▶ _Task to carry out_
After finding "this 1344×896 image." in the data, write out its line and all following lines without change, up to and including the last one. Leave out pictures.

══ Exercise data

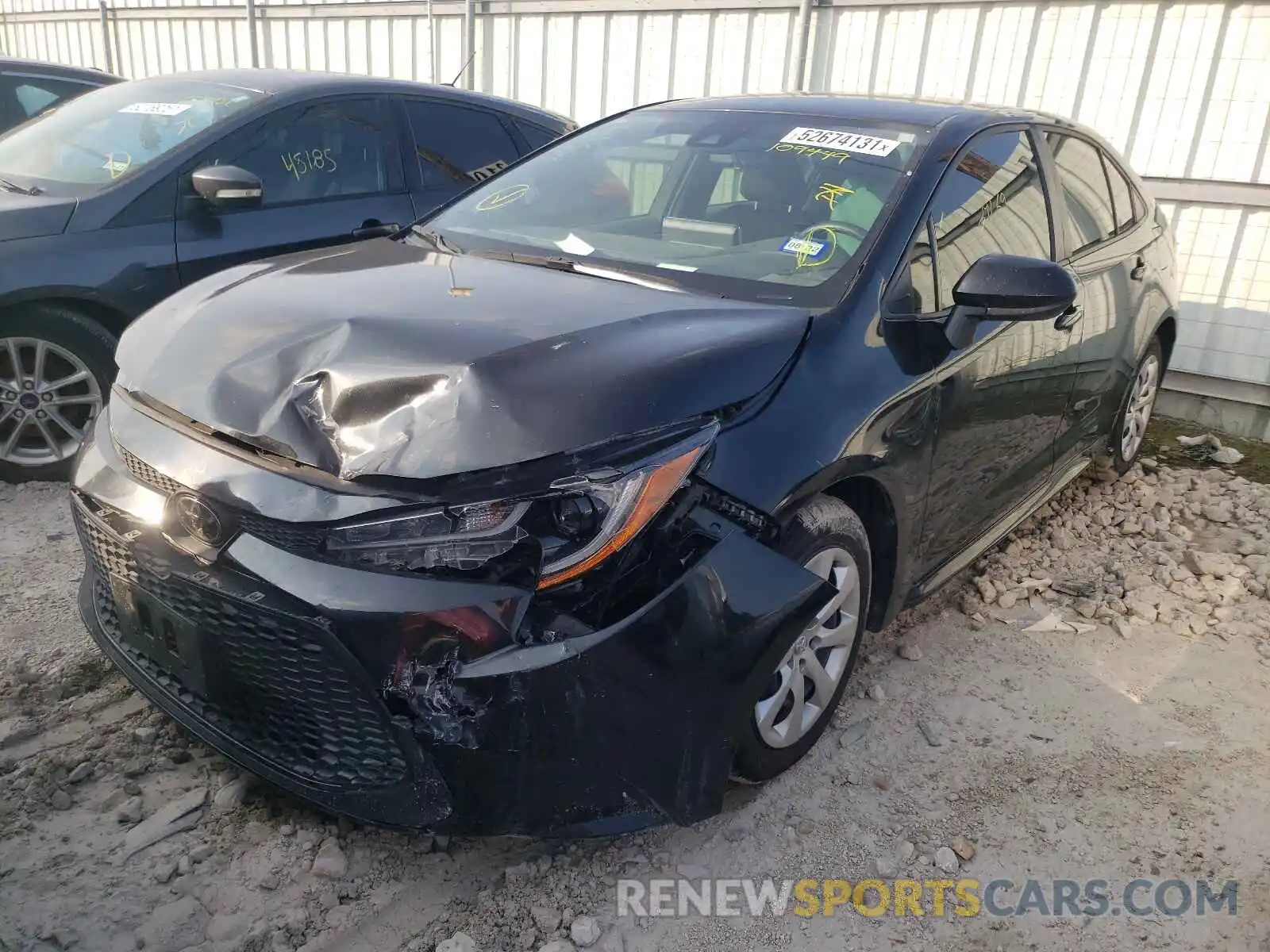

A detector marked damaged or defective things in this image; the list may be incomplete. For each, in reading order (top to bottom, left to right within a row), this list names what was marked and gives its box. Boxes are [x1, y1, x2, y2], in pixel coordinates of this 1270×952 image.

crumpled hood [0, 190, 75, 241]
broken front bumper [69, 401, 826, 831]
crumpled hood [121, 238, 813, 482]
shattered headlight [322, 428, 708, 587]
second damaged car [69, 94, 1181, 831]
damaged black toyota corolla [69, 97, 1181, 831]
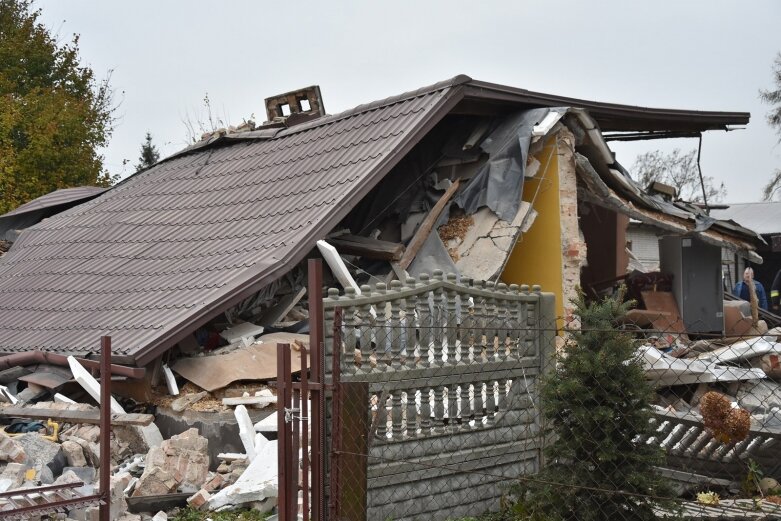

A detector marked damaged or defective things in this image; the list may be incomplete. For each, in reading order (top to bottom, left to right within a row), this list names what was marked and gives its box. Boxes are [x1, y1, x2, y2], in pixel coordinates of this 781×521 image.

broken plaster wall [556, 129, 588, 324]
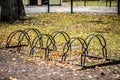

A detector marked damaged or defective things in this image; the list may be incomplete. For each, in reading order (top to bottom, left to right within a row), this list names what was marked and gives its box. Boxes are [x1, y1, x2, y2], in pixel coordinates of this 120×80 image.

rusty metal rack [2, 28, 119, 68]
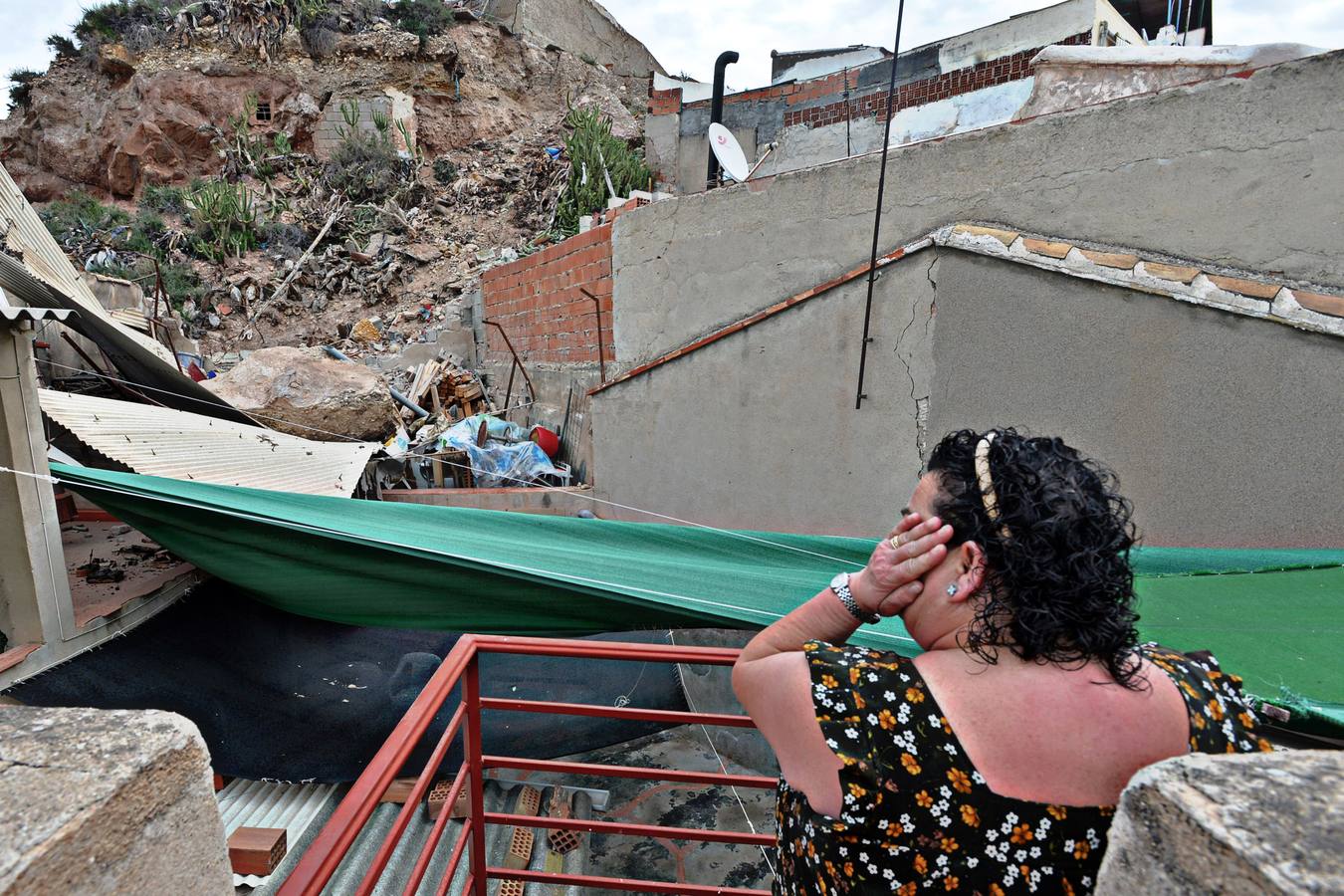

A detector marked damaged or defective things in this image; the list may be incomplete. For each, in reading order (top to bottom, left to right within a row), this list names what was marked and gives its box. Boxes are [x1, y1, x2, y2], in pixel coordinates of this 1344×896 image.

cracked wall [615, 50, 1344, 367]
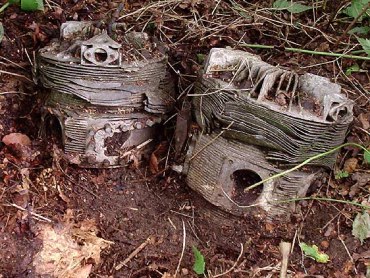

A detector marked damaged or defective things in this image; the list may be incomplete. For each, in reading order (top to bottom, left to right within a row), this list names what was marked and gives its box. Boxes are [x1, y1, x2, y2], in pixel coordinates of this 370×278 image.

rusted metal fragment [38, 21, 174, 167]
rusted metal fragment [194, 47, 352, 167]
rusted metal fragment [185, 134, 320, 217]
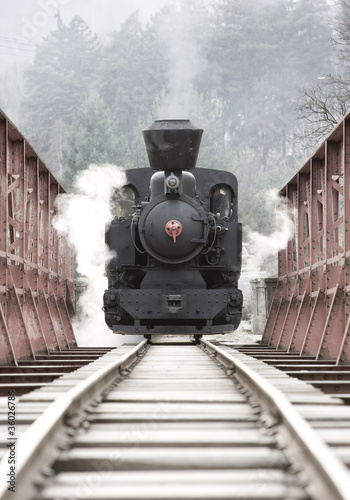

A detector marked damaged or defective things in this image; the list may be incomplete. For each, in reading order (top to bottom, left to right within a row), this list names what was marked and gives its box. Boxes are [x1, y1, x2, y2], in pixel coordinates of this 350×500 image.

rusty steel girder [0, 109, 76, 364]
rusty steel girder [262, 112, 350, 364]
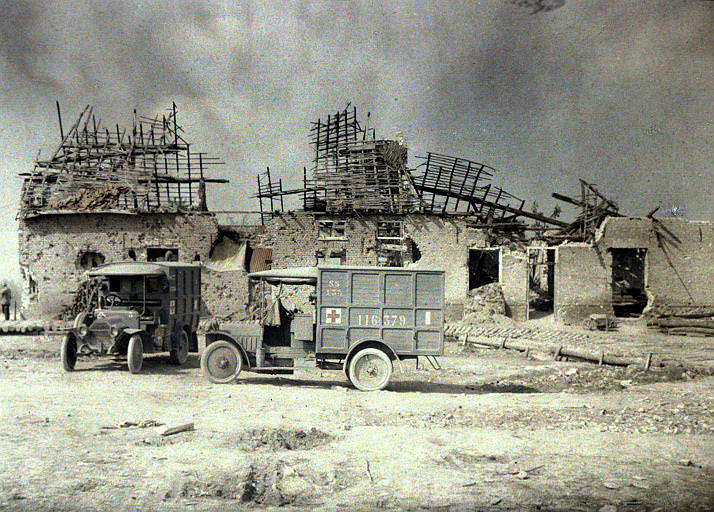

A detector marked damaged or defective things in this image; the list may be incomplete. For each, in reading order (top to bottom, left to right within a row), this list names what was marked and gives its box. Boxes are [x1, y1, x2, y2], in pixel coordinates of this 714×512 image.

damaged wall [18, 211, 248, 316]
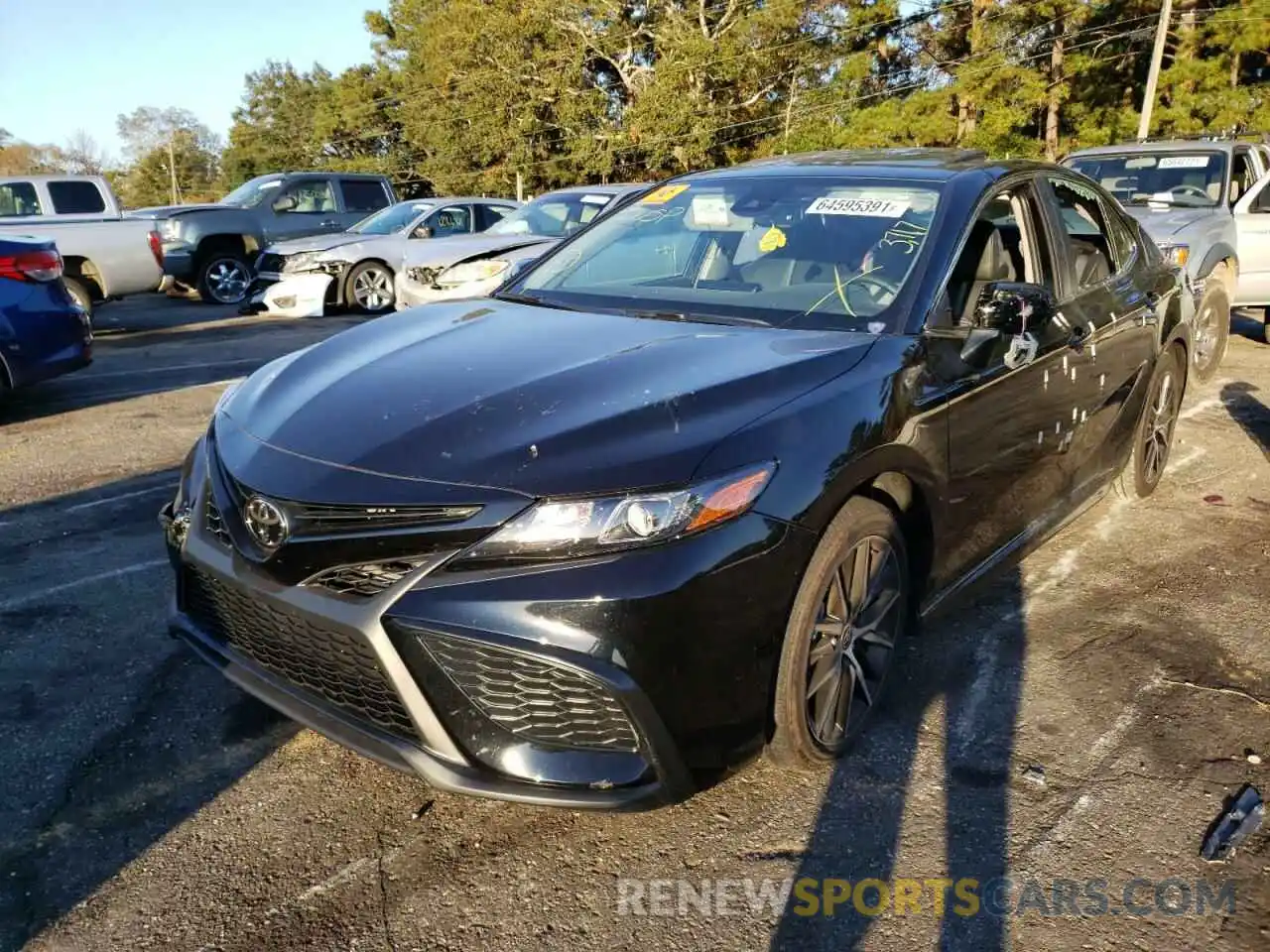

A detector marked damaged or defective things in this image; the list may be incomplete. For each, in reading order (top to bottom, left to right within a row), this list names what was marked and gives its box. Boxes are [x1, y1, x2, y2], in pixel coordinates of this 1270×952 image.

════

▶ _Output of the exercise_
A detector marked damaged or defective things in this image; the list may be incomplete. For each, in reading order (top to bottom, left to right within a row), this list names what was marked and gives its box. Boxes are [x1, y1, x2, y2], in pixel coordinates of this 1344×896 image.

cracked wall [615, 50, 1344, 367]

A detector marked damaged or defective things in this image; the list may be incomplete. For each, in reading order (top to bottom, left to right within a row), this list names what was marked and gives its box. Boxes are [x1, y1, x2, y2], in pixel coordinates of this 370×278 image.

rusted metal fragment [38, 21, 174, 167]
rusted metal fragment [194, 47, 352, 167]
rusted metal fragment [185, 134, 320, 217]

A detector marked damaged or defective things in this image; the list may be incomplete. For each, in reading order (top to bottom, left to right within a row), this list names what was marked and gives its box. Boxes are [x1, y1, x2, y2], in pixel coordinates of this 350×500 image.

rusty steel girder [0, 109, 76, 364]
rusty steel girder [262, 112, 350, 364]

A detector marked damaged or defective things in this image; the list may be incomplete. For each, in reading order (top to bottom, left to right within a row), this list names what was marked and gives its box. Boxes are [x1, y1, x2, y2], in pixel coordinates of this 714×512 image.

damaged wall [18, 211, 248, 316]

A detector marked damaged or defective things in this image; the list may be incomplete. For each, in reading order (top to bottom, left to right within a row), this list names what was marked and gives its box. Boxes are [x1, y1, x2, y2], in pixel coordinates of this 1270×952 image.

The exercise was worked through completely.